The Russian factor is indispensable to Central Asia, and the Kremlin makes sure that it plays a leading role. Moscow’s recognition of any major leadership or policy changes in Central Asia is imperative, as it can deny legitimacy or plot to remove leaders if they do not serve Russian interests. Moscow will not hesitate to intervene if any Central Asian leader becomes overly pro-Western, pro-Chinese or pursue Islamist causes.
It is no surprise that the Russian factor was again in the limelight in the recent upheavals and changes in Kazakhstan.
ConclusionKazakhstan developments mark a new chapter for Central Asia, with Moscow ensuring that no other foreign countries interfered in the midst of violent unrest. It reinforces the role of Russia as the main security provider to the regional countries, irrespective of who comes to power there. Whether this will infuse a new sense of confidence among the region’s largely authoritarian regimes of assured Russian support, or they will feel threatened by Russia’s reassertion and intervention after 30 years, remains to be seen.
Russia has secured further strategic advantage vis-à-vis China, which has been increasing its assertions in Kazakhstan and the rest of the region in a big way, taking advantage of Russia’s economic weakness.

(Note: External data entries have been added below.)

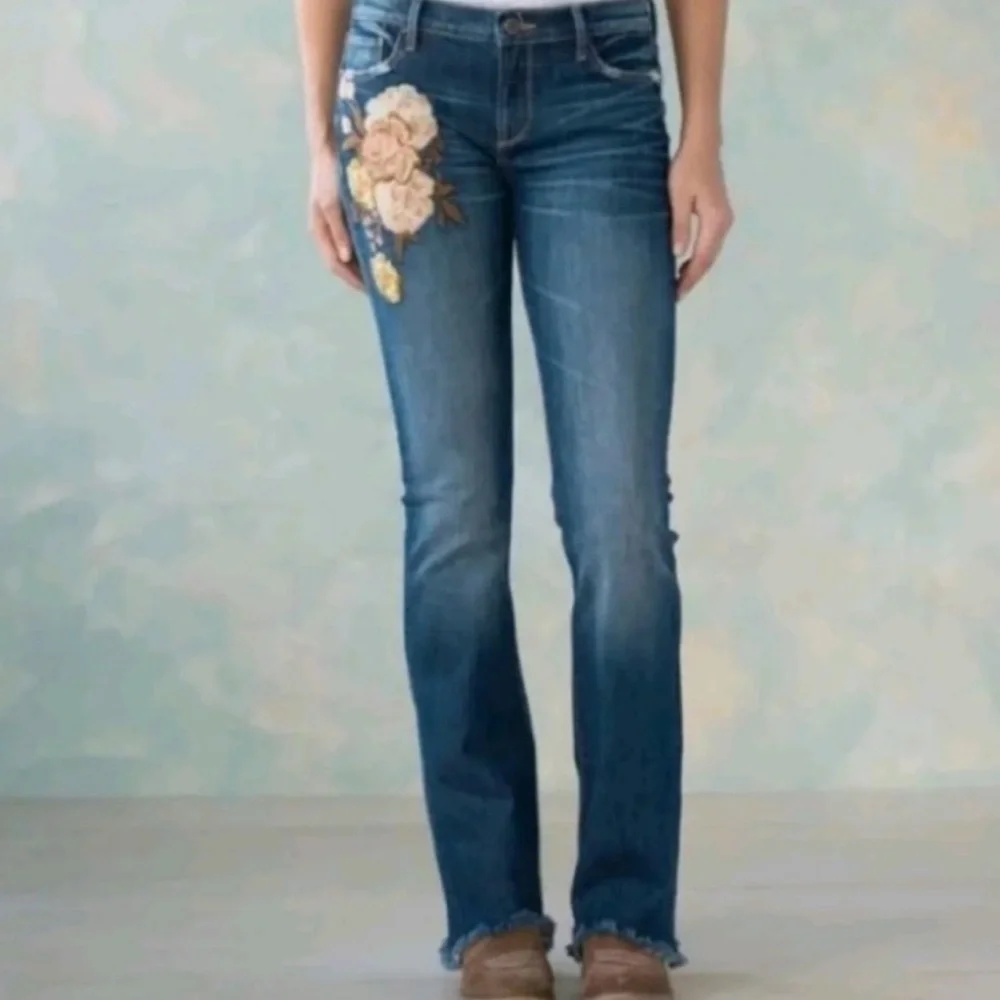 ANTHRO x DRIFTWOOD Eva Floral Embroidered Bootcut Jean Whiskering Raw hem SZ: 28 - Picture 2 of 13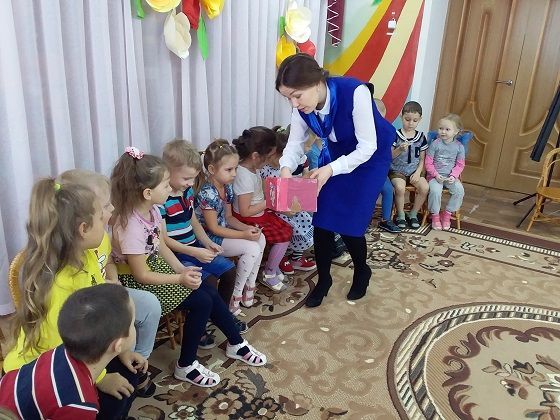 В Краснооктябрьском детском саду «Солнышко» Новошешминского района рассказали о безопасности  дорожного движения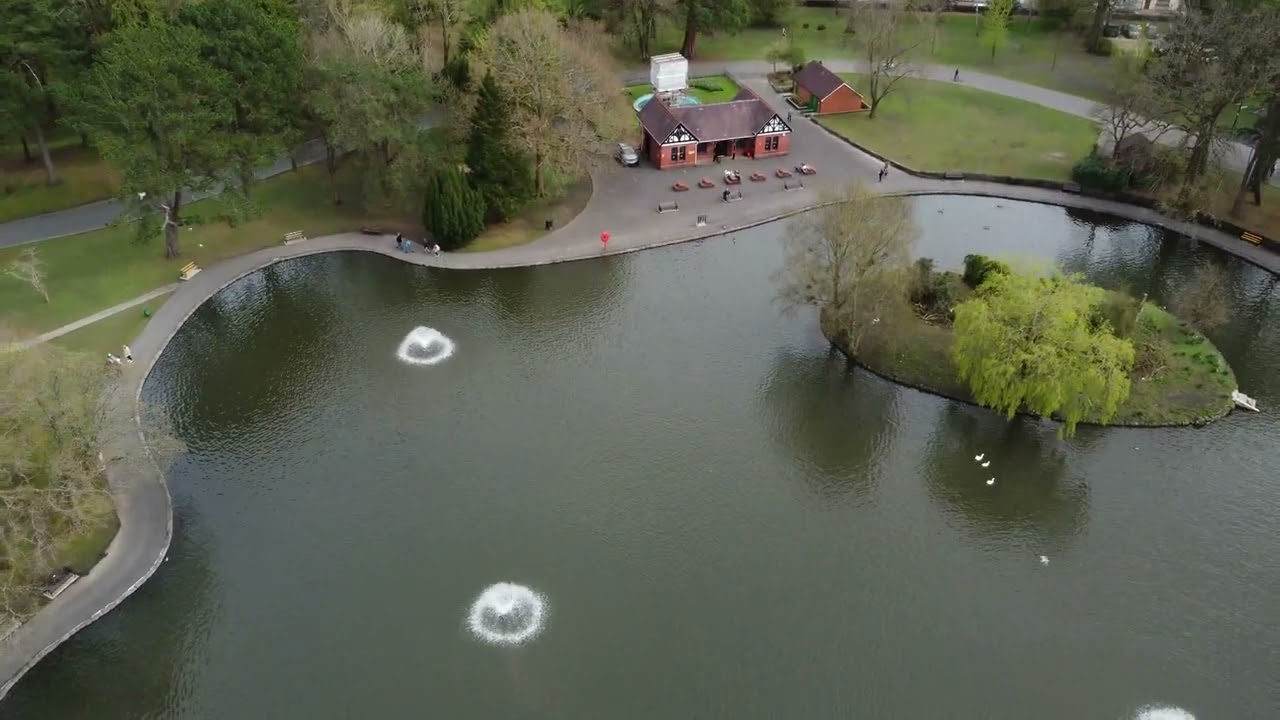 Drone footage of Aberdare Park, landare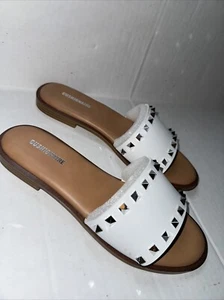 Cushionaire Women’s Slides Size US 8.5 Faux Leather With Studs - Picture 1 of 8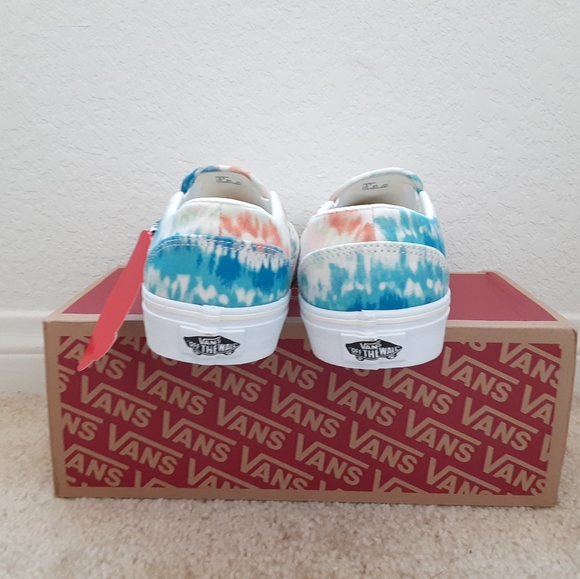 Vans - Picture 3 of 4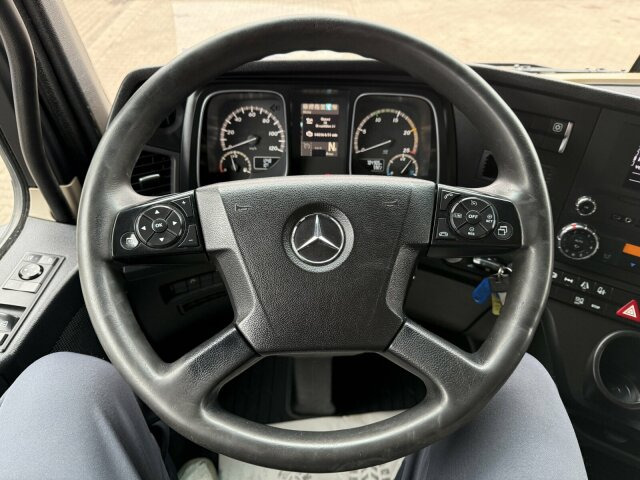 Mercedes-Benz Actros 1845 SZM 4x2 Retarder Kipphydraulik - Cabeza tractora: foto 2 Mercedes-Benz Actros 1845 SZM 4x2 Retarder Kipphydraulik - Cabeza tractora: foto 2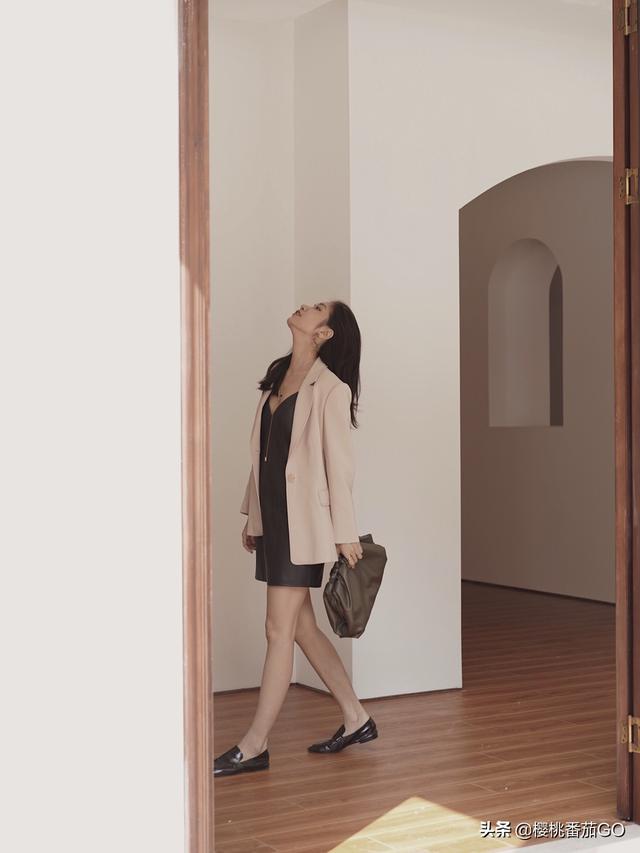 30岁的女人怎么搭配衣服好看？插图24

Russian leader Vladimir Putin has demonstrated that he is a leader to be reckoned with. The CSTO’s intervention offers a double advantage for Moscow, increasing its leverage in Kazakhstan while also raising the stakes over Ukraine.
The potential upside for the Kremlin’s strategic intervention in Kazakhstan is that the regime there will be increasingly indebted to Moscow for its continuing security. It will also have a reverberating effect across the region.
However, whether Russia, or CSTO military contingents, can solve any of the underlying domestic fissures in Central Asian states through demonstrations of regime solidarity, or more upheavals lie ahead, only the future can tell.
 See Walker, S. (2022). Where is Kazakhstan’s former longtime leader Nursultan Nazarbayev?. The Guardian. Retrieved 17 January 2022, from https://www.theguardian.com/world/2022/jan/16/where-is-kazakhstans-former-longtime-leader-nursultan-nazarbayev
French Press Agency (AFP). (2022). Nazarbayev is in Kazakhstan, in direct contact with Tokayev: Spox. Daily Sabah. Retrieved 17 January 2022, from https://www.dailysabah.com/world/asia-pacific/nazarbayev-is-in-kazakhstan-in-direct-contact-with-tokayev-spox.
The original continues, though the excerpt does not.